To be consistent with the Paris Agreement goal of limiting global warming to 1.5°C, Australia’s 2030 emissions reduction target must be 74% below 2005 levels, reaching net-zero emissions reached by 2035.

A ‘net-zero emissions by 2050’ target is therefore not sufficient to align Australia with the Paris Agreement goal of limiting global warming to well below 2°C (nor 1.5°C).

Implications for carbon market demand and prices?

As we noted in our recent Market Outlook, the adoption of a net-zero emissions target will impact carbon market supply and demand from 2021-30, feeding into the price of Australian Carbon Credit Units (ACCUs).

Our recent analysis considered three scenarios for market and price development under net-zero emissions, which we modelled via the assumed adoption of a binding target for industry implemented via the ‘safeguard mechanism’.

Findings indicate that the adoption of a net-zero emissions target will be a supportive long-term factor for ACCU contract prices, with increasing demand for locally sourced offsets from voluntary and compliance market companies creating a sustained uptrend in carbon market prices, particularly over the first half of the decade.

We forecast that the price of long-term ACCU supply contracts could more than double from current levels, growing to a range of $20-45/t in 2030.

Liable entities are assumed to meet their individual emissions reduction tasks via direct GHG emissions abatement activity (calculated on a sector-by-sector basis) or the sourcing of external emissions reductions (in the form of ACCUs), with the relative level of demand for external offsets differing in each scenario based on the prioritisation of internal abatement activity (resulting in a range of forward price outcomes).

Likelihood of changes to the safeguard mechanism

The safeguard mechanism is implemented via legislation, building on the National Greenhouse and Energy Reporting scheme, however, baselines are overseen via regulation (the National Greenhouse and Energy Reporting (Safeguard Mechanism) Rule 2015), providing the Energy Minister of the day with power to update baselines.
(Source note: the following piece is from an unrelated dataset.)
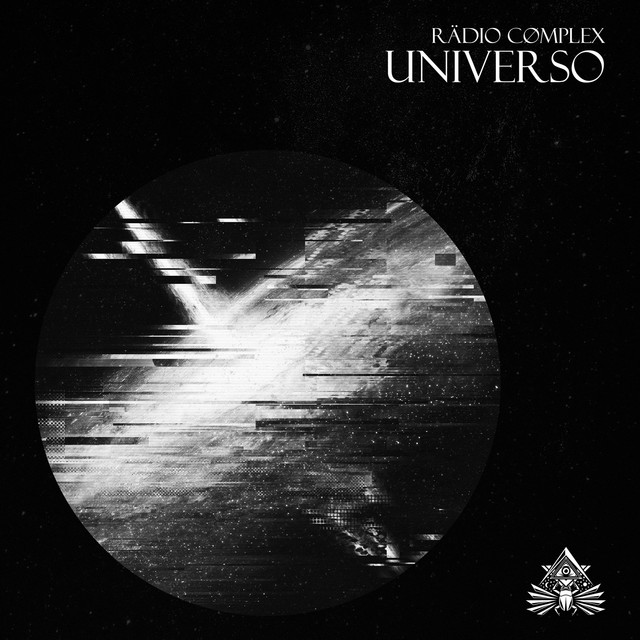Universo - Original Mix cover art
This power has historically been used to relax baseline settings, such as in March 2019, which gave facilities the option to use published production variables and industry default emissions intensity values in baseline applications, and in May 2020, to extend the transition of facilities to calculated baseline determinations.

Under a new net-zero environment, there are two plausible outcomes:

Whichever path is ultimately taken, modelling indicates that the adoption of a net-zero emissions target will be a supportive factor for carbon market demand and prices.

While our analysis aligns industry emissions with a net-zero goal via the safeguard mechanism (creating increased compliance demand), this resultant demand could also be interpreted to reflect voluntary activity as companies increasingly set net-zero emissions targets in response to external pressure (e.g., from investors and consumers, or the threat of domestic or international regulation such as carbon border tariffs).

As a result, industry is already beginning to take action in anticipation of future government regulation, and external pressure, with the combined effect of this activity already beginning to impact spot prices and forward expectations.